Robbins didn’t put up a fight when he was found at the residence, some 60 miles outside of Cook County where he was released, last week. “He was in the living room or kitchen area watching TV, taken by total surprise,” said Frank Bilecki, spokesperson for the Cook County Sheriff’s Office.

The 44-year-old wore a disguise when outside, rocking a curly wig as he carried groceries into the house, footage of which was caught on surveillance.

Officials transported Robbins from an Indiana prison where he is serving time for murder, to Chicago, to face separate charges. The charges were dropped, and he was allowed to leave. Cook County police held back on informing the public so that Robbins wouldn’t find out that they knew of the mix-up. Given the blunder, Cook County Sheriff Tom Dart took partial responsibility for what happened.

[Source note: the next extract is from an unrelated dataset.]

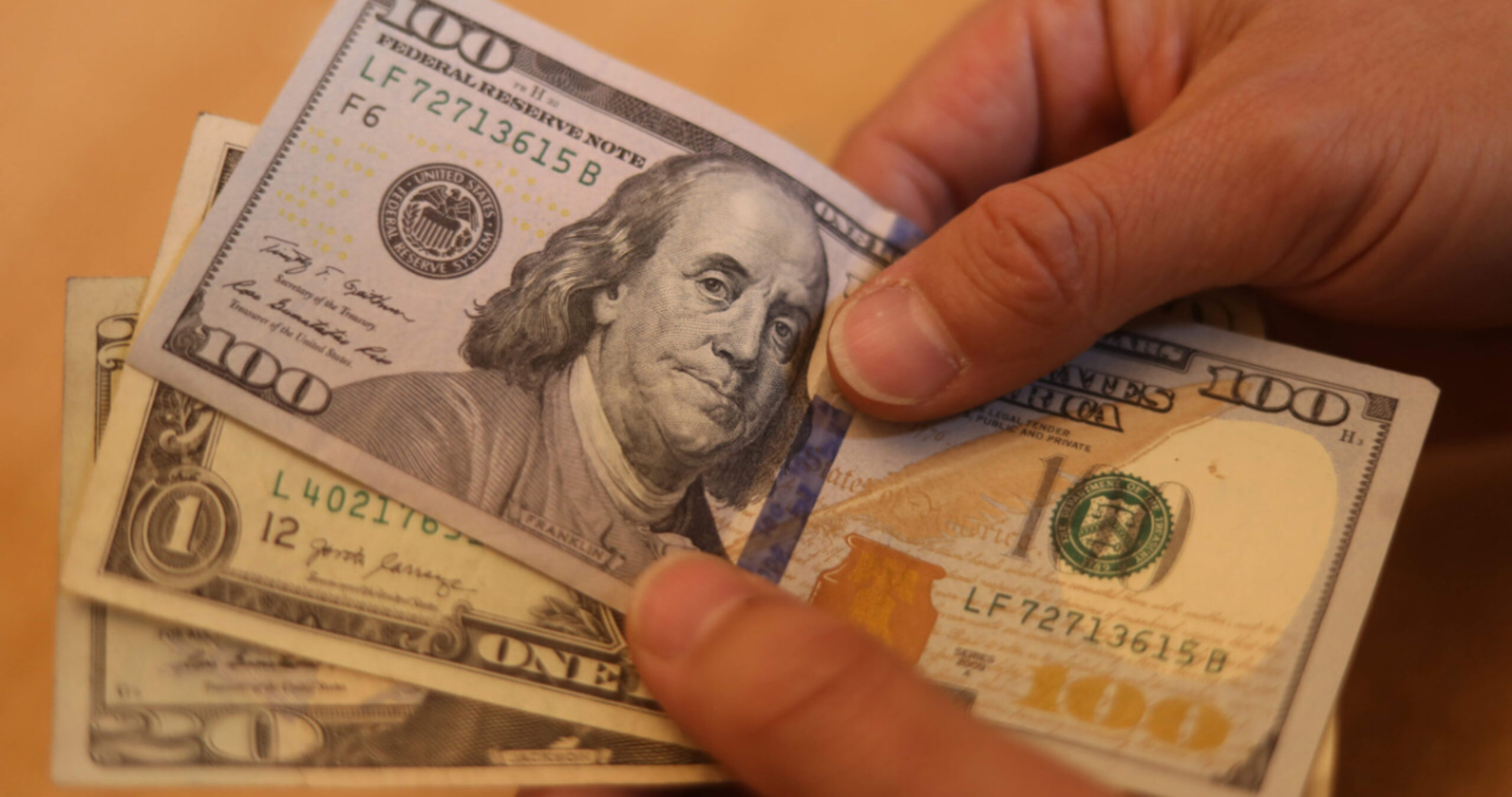 El dólar retrocede con fuerza ante un cobre que no cede y marca precios históricos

“We’re not ducking the fact we dropped the ball. We made mistakes,” Dart said. “The public deserves much more. We’re going to find out what went wrong here.”

Dart went on to blame a  “a very archaic system” for not providing the proper paperwork that would’ve instructed that Robbins be returned back to prison in Indiana.

This isn’t the first time an inmate has been let go by mistake in Chicago.

An inmate serving time for manslaughter in Mississippi was transferred to the Windy City in 2009, and let go after charges filed against him for not registering as a s-x offender, were dropped. He turned himself in days later.

Unlike the offender a few years ago, Robbins didn’t appear to have been ready to give himself up, but he also wasn’t planning on running. An assistant public defender insists that Robbins was not attempting to flee, but officials in Indiana believe that he would have turned back to crime. “We are grateful that law enforcement caught him before he committed another crime,” said Indiana Department of Corrections spokesman, Doug Garrison.

In 2002, Robbins shot a man who intervened in an argument he was having with his wife. According to witnesses the victim told Robbins that he shouldn’t hit his spouse, prompting him to go to his car, get a gun, and shoot him in the chest.